Importante: autonomia universitária total não existe. O dinheiro vem sim do Governo, do contribuinte, porém a autonomia universitária não serve para tirar responsabilidades da Universidade, mas sim para que ela possa cumprir essas responsabilidades melhor.

COMO ISSO ME AFETA? POR QUE EU DEVERIA APOIA-LOS?
As lutas que estão ocorrendo na USP são localizadas, mas tratam de temas GLOBAIS. São duas bandeiras: SEGURANÇA e CORRUPÇÃO, e acreditamos que opiniões sobre elas não sejam tão divergentes. Alguém apoia a corrupção? Alguem é contra segurança? 

O que você acha mais sensato:
- Rechaçar reivindicações justas por conta de depredações e atos reprováveis de uma minoria, ou;
- Aderir a essas mesmas reivindicações, propondo ações mais efetivas?

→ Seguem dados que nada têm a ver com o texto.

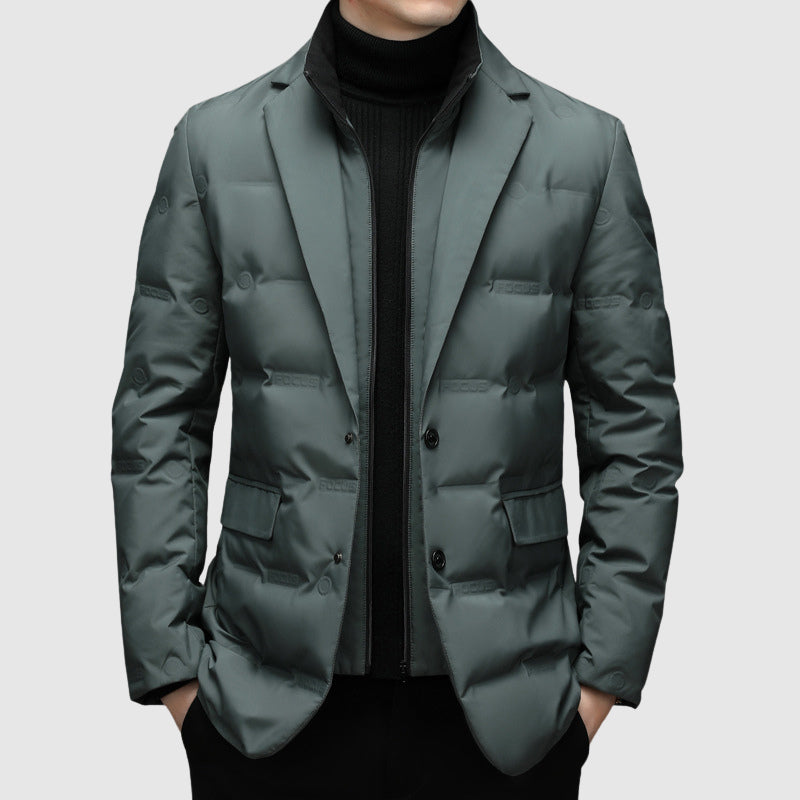 Vantini | L'Essenziale Piumino Jacket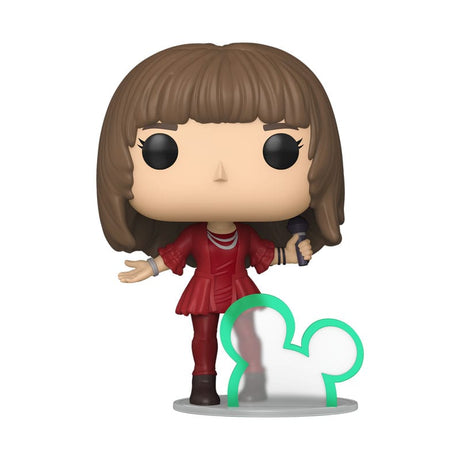 Disney Channel Retro POP! Vinyl: CR - Mitchie w/ Disney Icon
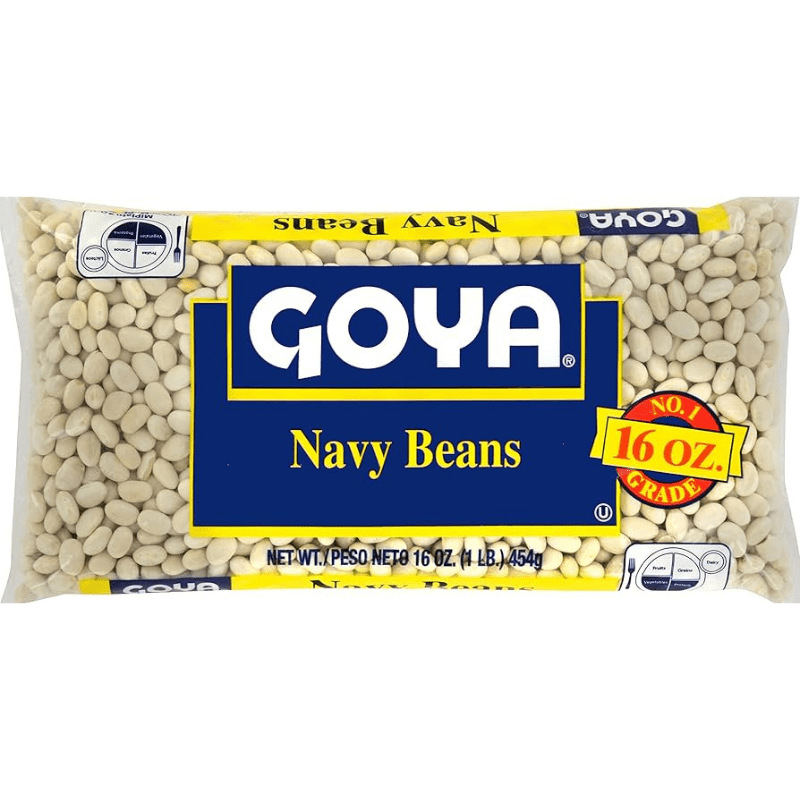 Goya Navy Beans, 16 oz [Pack of 24]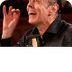 Conductors eat invisible food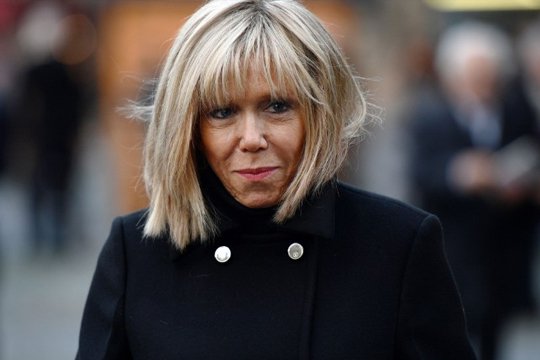 Մակրոնի կնոջը տրվել է առաջին տիկնոջ կարգավիճակ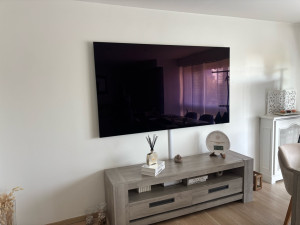 Photo de galerie - Rénovation, mur intérieur 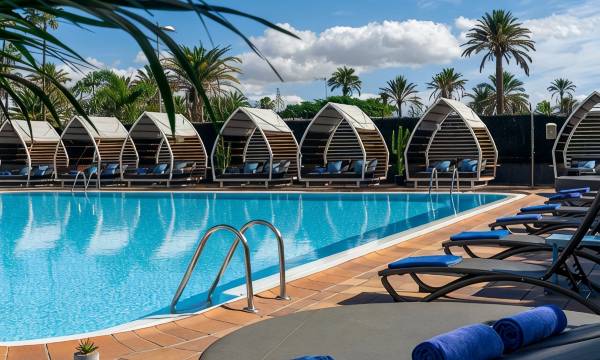 AxelBeach Maspalomas - Apartments and Lounge Club - Adults Only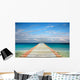Sea Bridge Wall Decal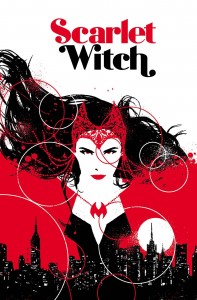 SCARLET WITCH #1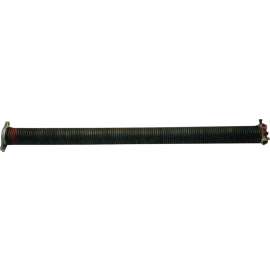 Prime-Line GD 12228 Torsion Spring, 1-3/4 in ID, 2 in OD, 32 in OAL, Carbon Steel, Plain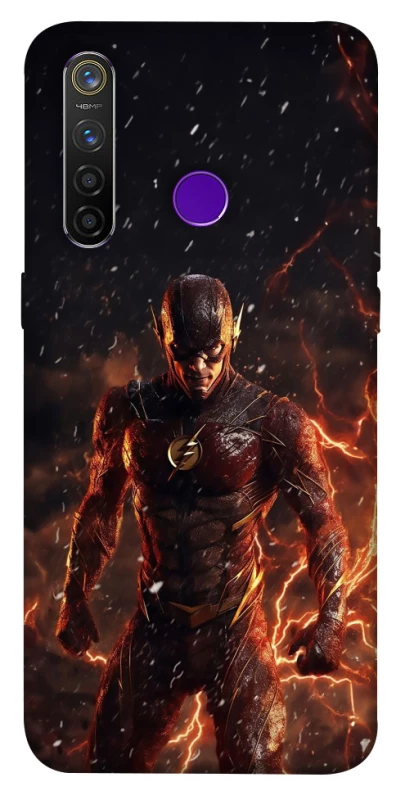 Чехол на Realme 5 Pro Flash фото 1 из 1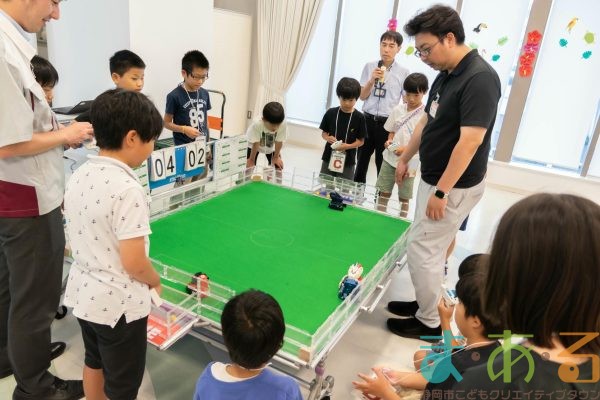 2025年8月21日__③静岡市少年少女発明クラブ_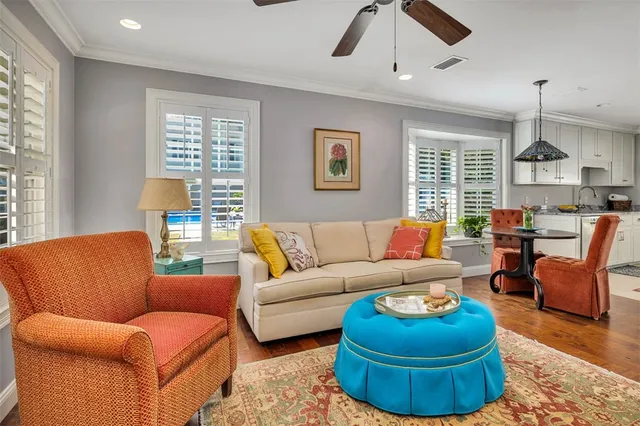 $1,700,000 | 133 Hampton Point Drive, St. Simons Island, GA 31522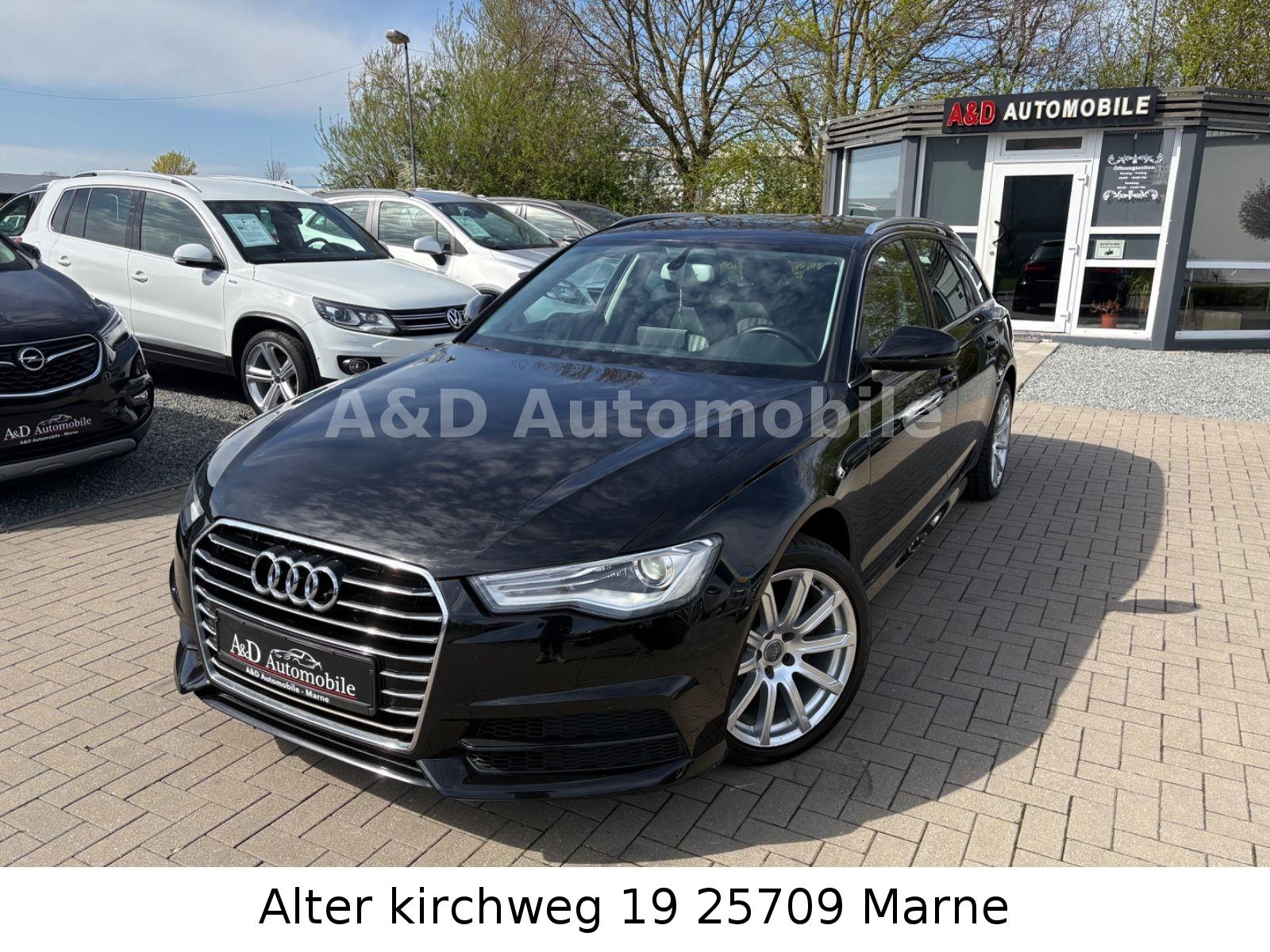 Audi A6 Avant 2.0 TDI ultra BT,KLIMA.NAV,TMP,TÜV NEU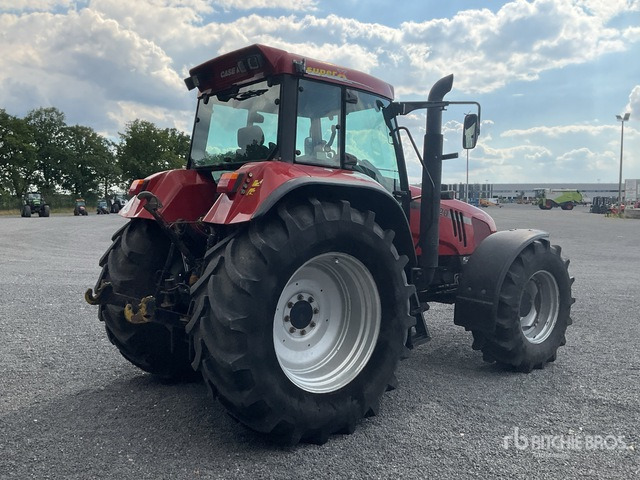 2001 Case IH CS120 4WD Tractor - Traktor: slika 4 2001 Case IH CS120 4WD Tractor - Traktor: slika 4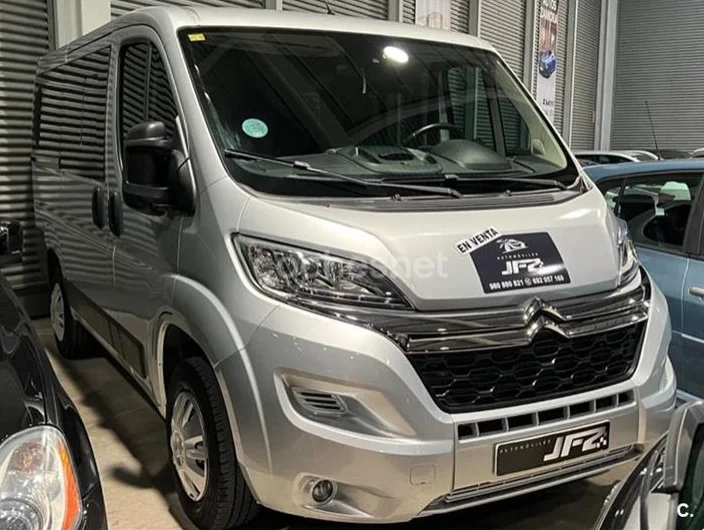 CITROEN JUMPER BLUEHDI SS COMBI 30 L1H1
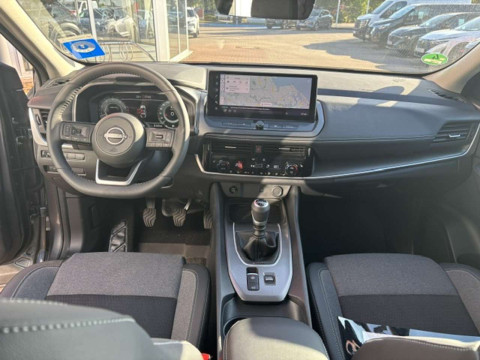 Ansicht 8 - Gebrauchtwagen Fahrzeug, Modell Qashqai der Marke Nissan von Verkäufer Frohreich automobile e.K.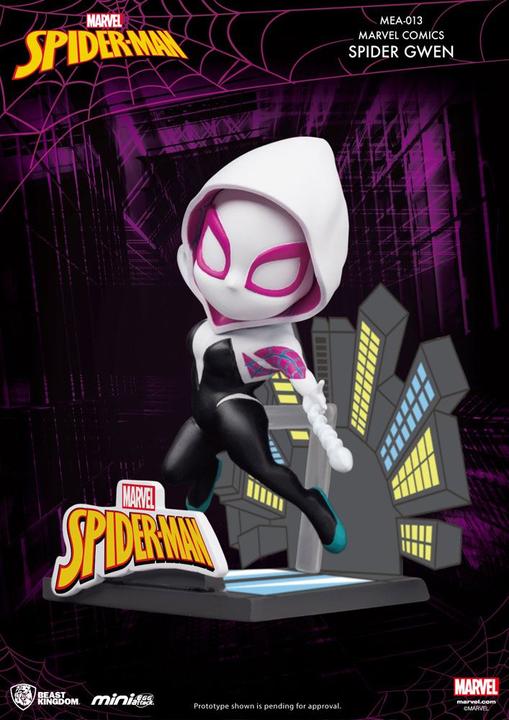 Produktbild Beast Kingdom Marvel Comics - Mini Egg Attack: Spider-Gwen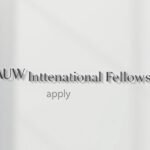 AAUW International Fellowships apply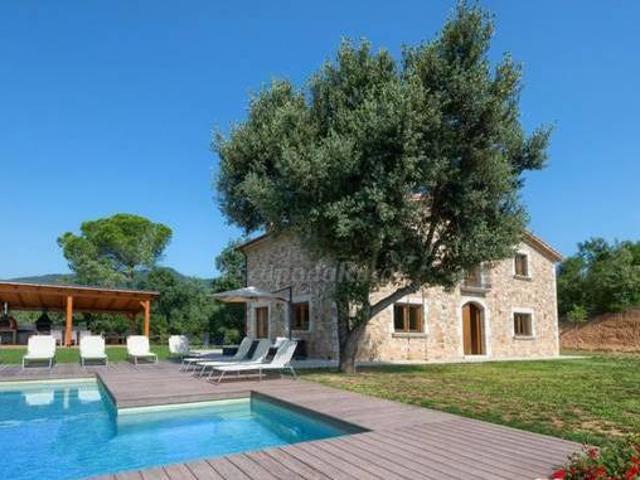 Casa en alquiler en Santa Coloma De Farners, Girona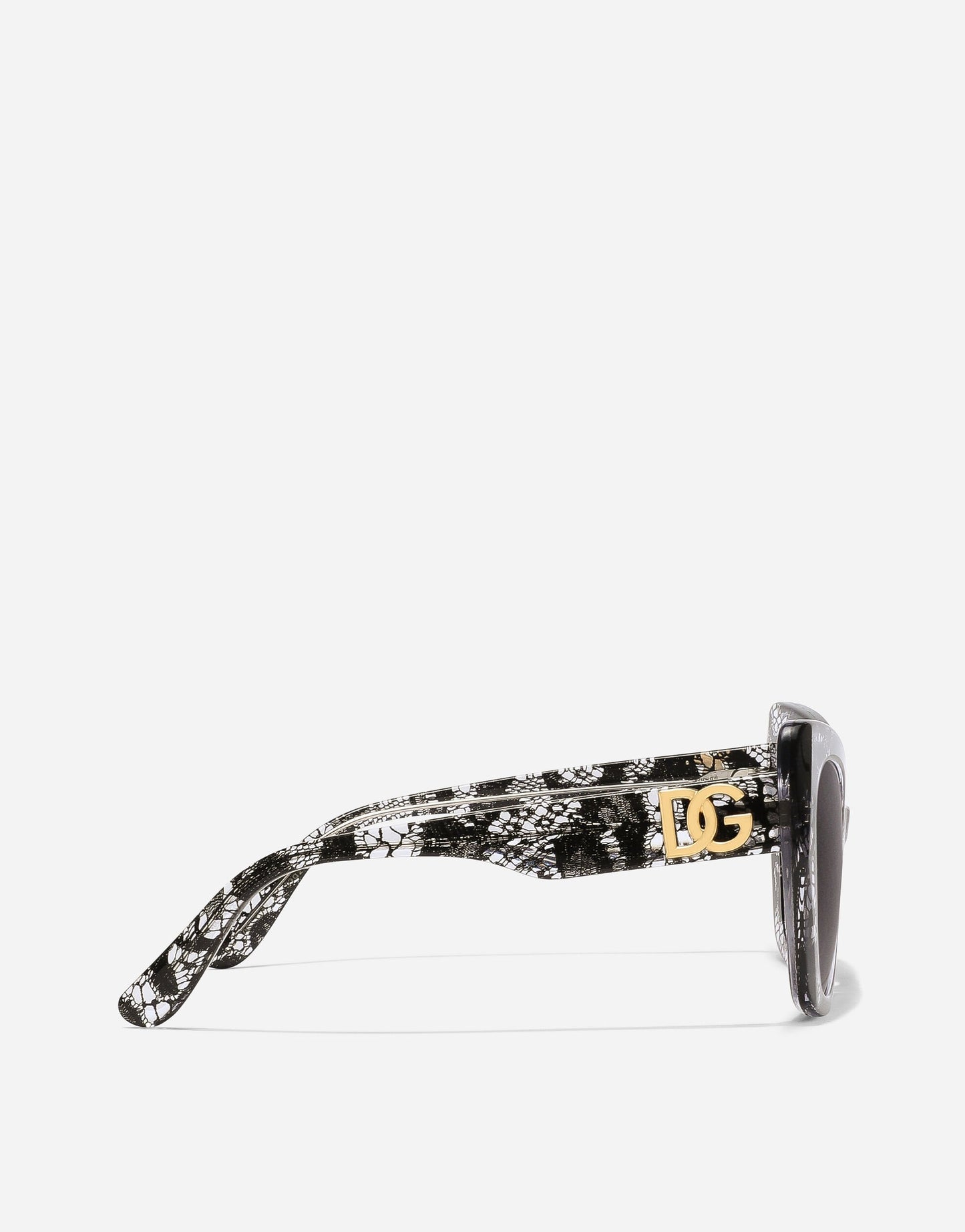 DG CROSSED SUNGLASSES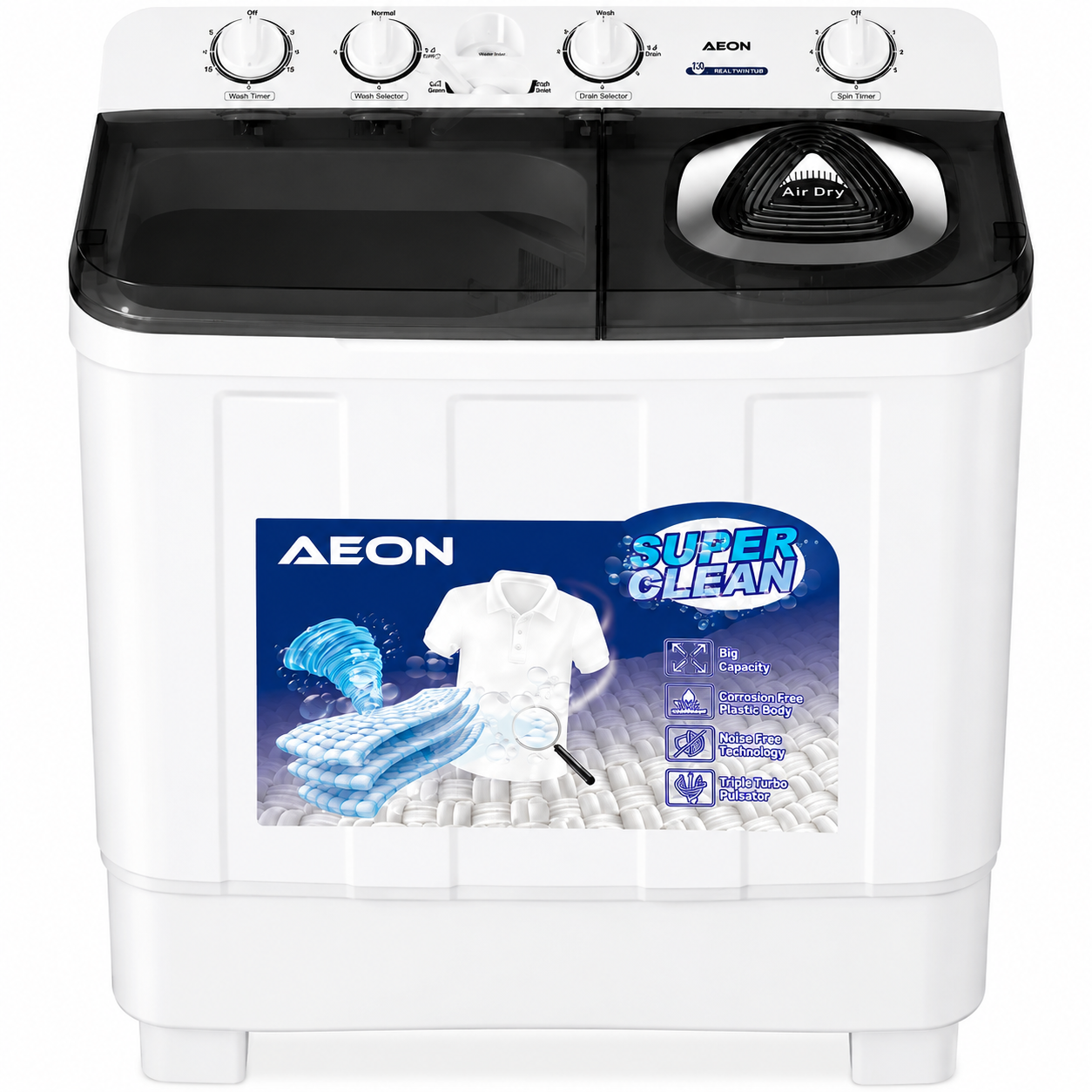 AEON Washing Machine 7KG AWM07TT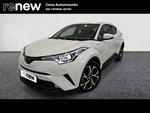 Toyota C-HR Hybrid Advance miniatura 2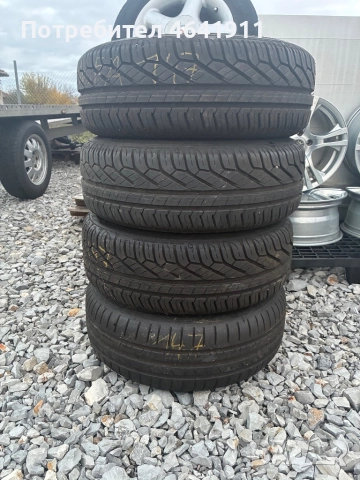 Гуми с джанти, снимка 2 - Гуми и джанти - 52295312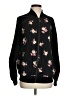Urban Renewal Floral Black Jacket Size S - photo 1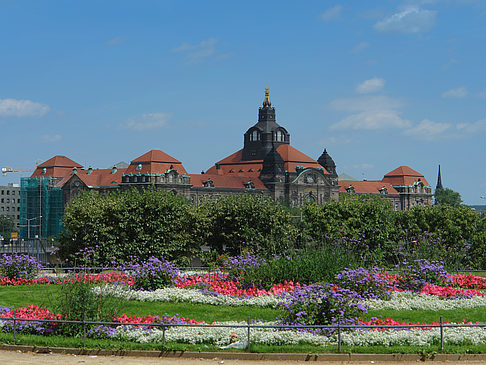 Foto Regierungsviertel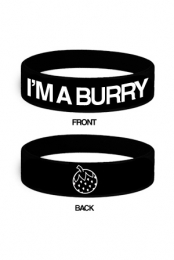 I'm a Burry Wristband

Você tem a liberdade de escolher, contra-argumentar ou mesmo ignorar.
Mas lembre-se de que liberdade só existe com esclarecimento.
Esperamos ter contribuído para isso.

Se você se interessa pelo assunto, pode começar lendo este depoimento: http://on.fb.me/szJwJt 

Bárbara Doro Zachi
Jannerson Xavier Borges

PS: Já que a desconfiança é com a mídia, evitamos linkar material de qualquer veículo.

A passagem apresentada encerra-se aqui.